I was thinking (that Finland was actually the last corner of Europe converted to Christianity, counting Iceland and Greenland that had us beat by about two hundred years, and it took three crusades, the murder of an English bishop and later patron saint (Rome canonized the bishop, the people canonized the killer, who remains a national hero to this day) and the post Great Schism two factions coming in from both sides, Catholicism from Sweden and Orthodoxy from Russia, for my ancestors to either accept this loving embrace of Jesus - or choke on a sword) about what wussies my people were when it came to the Swedish vikings. The Norwegian ones were a bit of a different matter -- the Finns and the Karelians feuded with them over the northern water routes for hundreds of years, and it lasted until they had the bright idea of going around us via the Arctic sea. I understand they placed their mythical Trollebotn or Jotunheim to Finland - and when the hairy vikings thought your forefathers were trolls, you know it's not good.

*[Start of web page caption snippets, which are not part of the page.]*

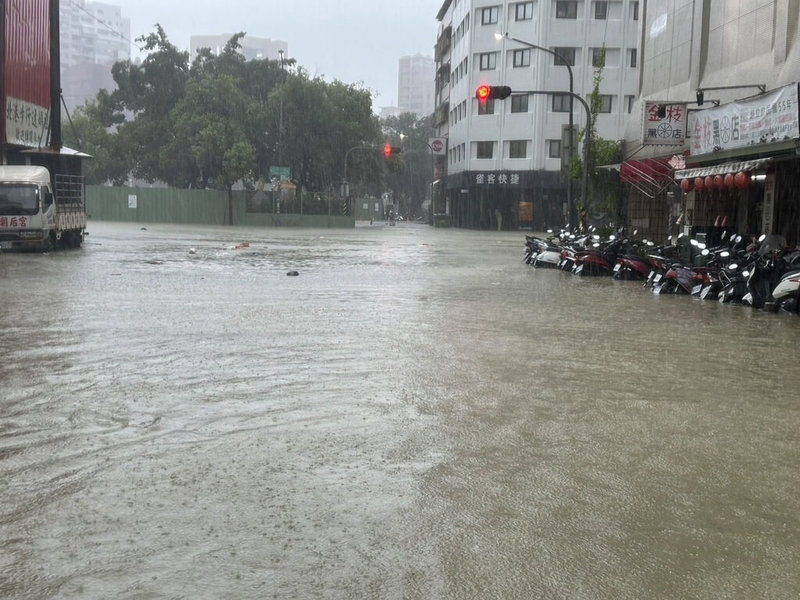 颱風凱米來襲,高雄24日晚間起風強雨大,鹽埕區因愛河水位高漲,積淹水高度及至膝蓋高,愛河附近有如水鄉澤國。(讀者提供)中央社記者洪學廣傳真 113年7月25日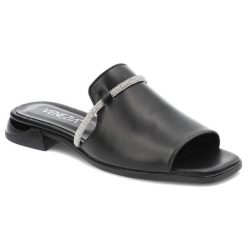 Czarne Klapki Venezia Eleganckie Skórzane Buty. Czarne klapki Venezia, bez wzorów, ze skóry, bez obcasa, na obcasie. Za 359.00 zł.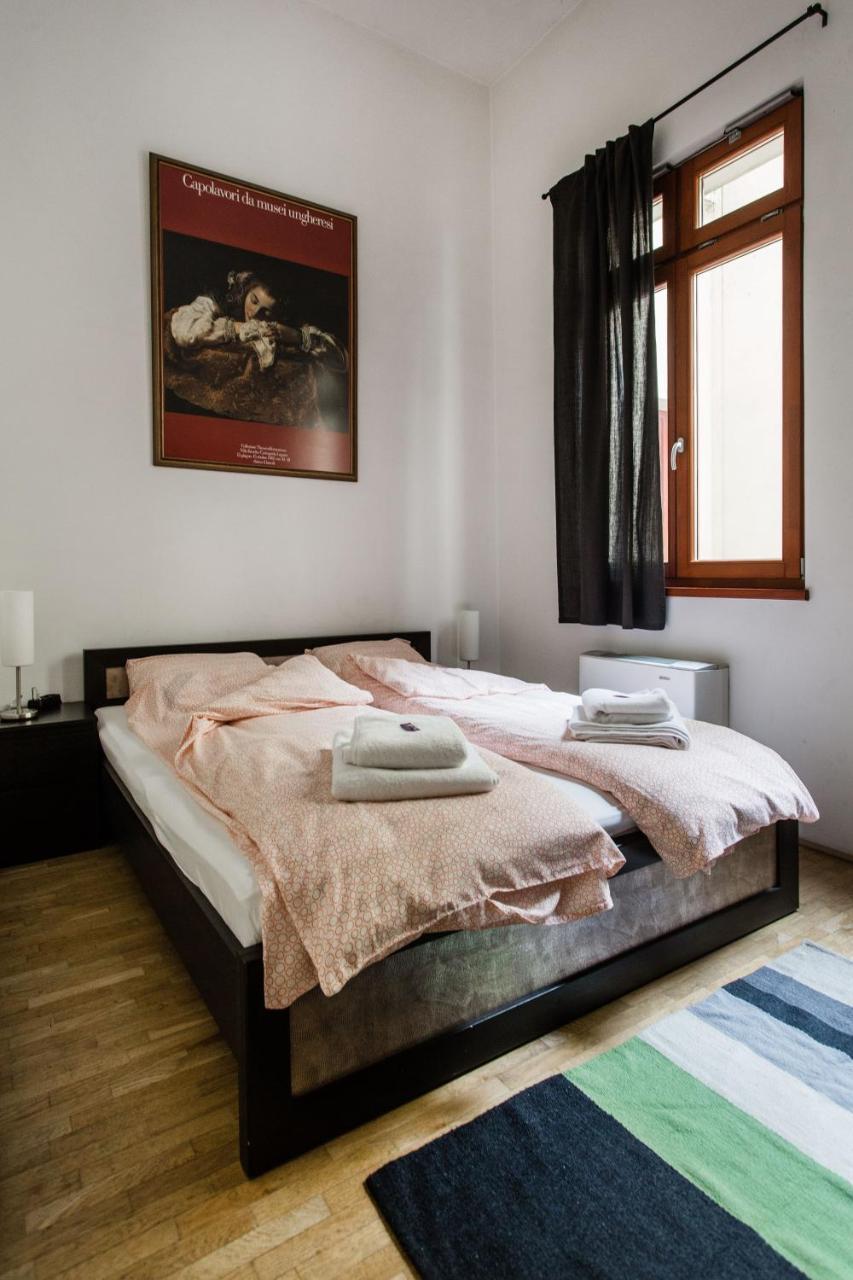 Family Suite By Heroes' Square Budapest Extérieur photo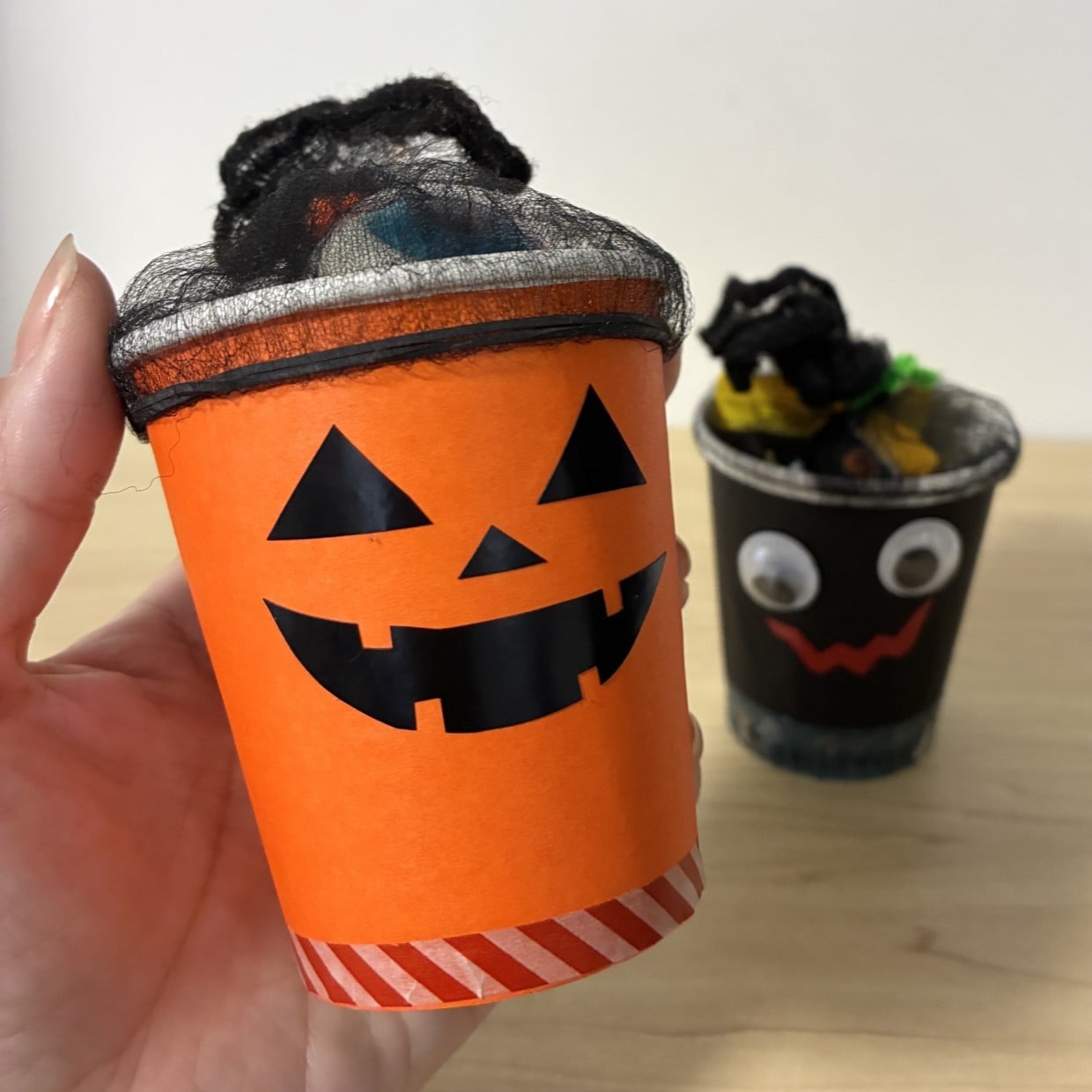  え!?紙コップと水切りネットには見えない！かんたん「ハロウィンラッピング」のつくりかた 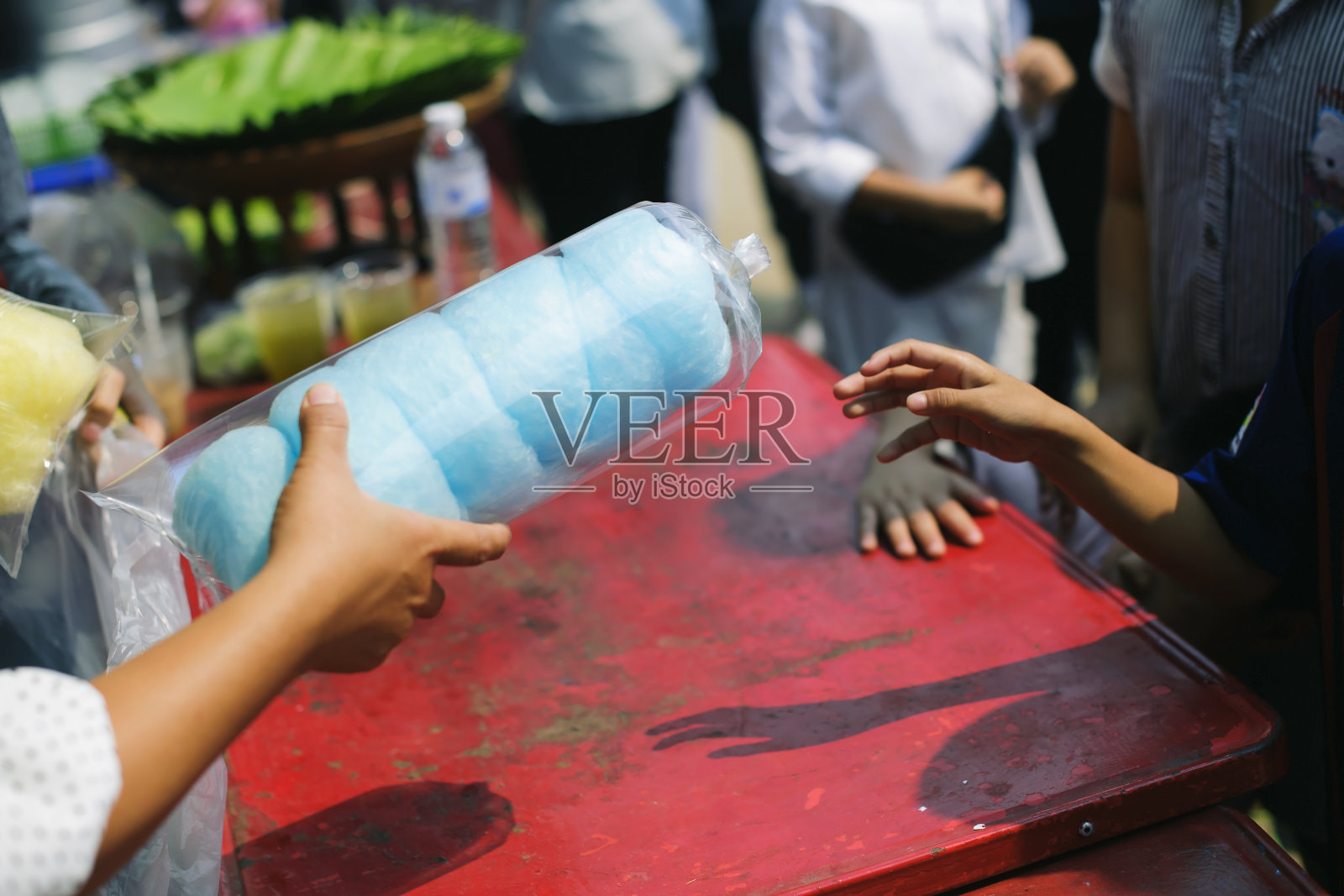 食物分享给穷人以减轻饥饿的概念:通过喂食帮助贫困的社会问题:捐赠食物给社会中的人:无家可归的概念和贫困照片摄影图片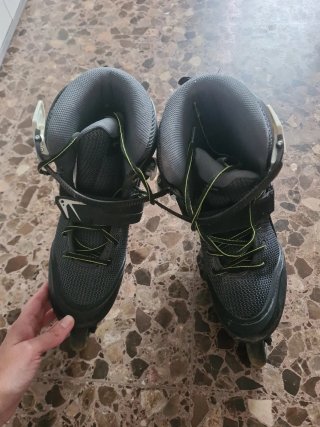 Patines en línea negros y grises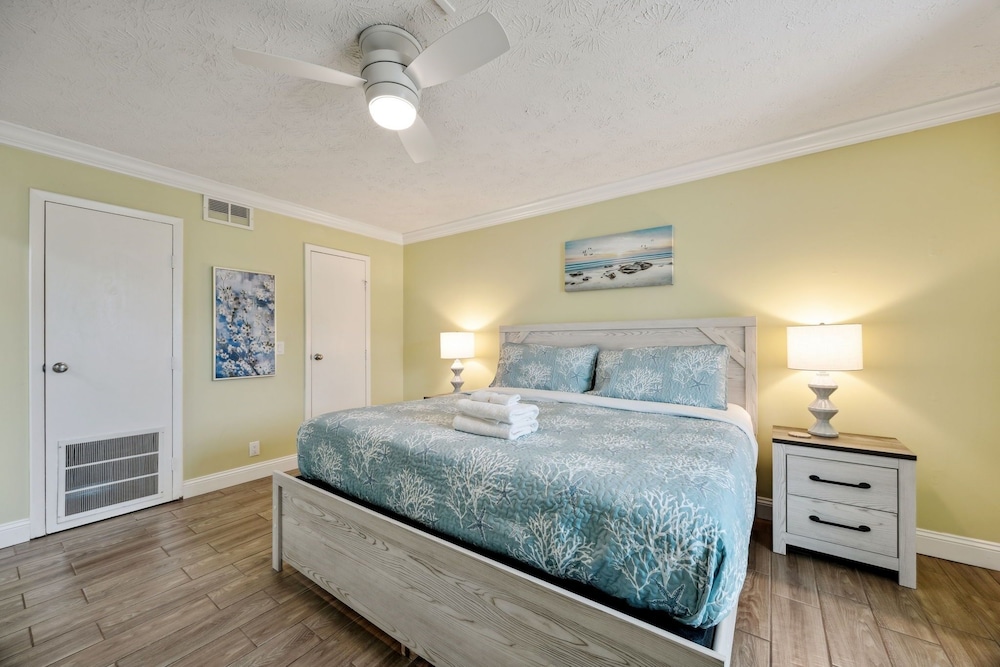 Fernandina Shores 6406 2 Bedroom Condo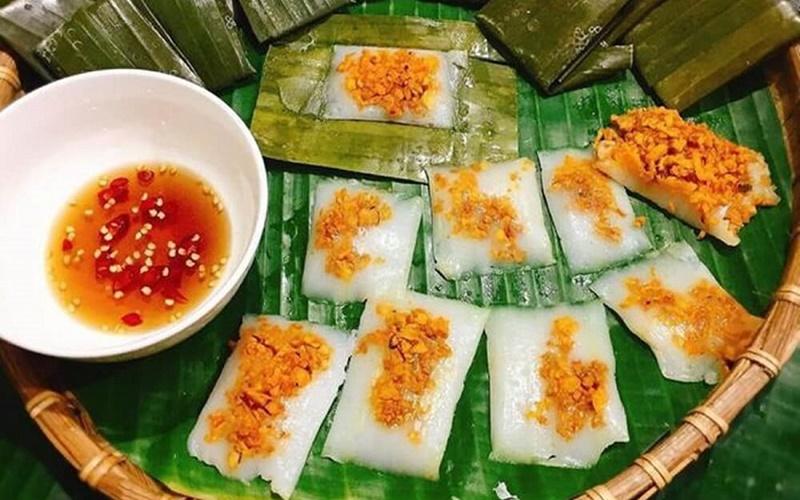 Khám phá 15 món bánh Huế thơm ngon, thể hiện trọn vẹn vẻ đẹp của ẩm thực miền Trung.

I never connected the dots before, but the thing in Lord of the Rings, where they set up the bonfires to warn the mountain-y city that the enemy troops were coming -- we used to do that. To warn inland settlements that a Drake had been spotted along the coastline. There's actually a district in my city still called 'Pyre Mountain' because they used to do that there. I think it's pretty cool.
Anyway, happy birthday, me.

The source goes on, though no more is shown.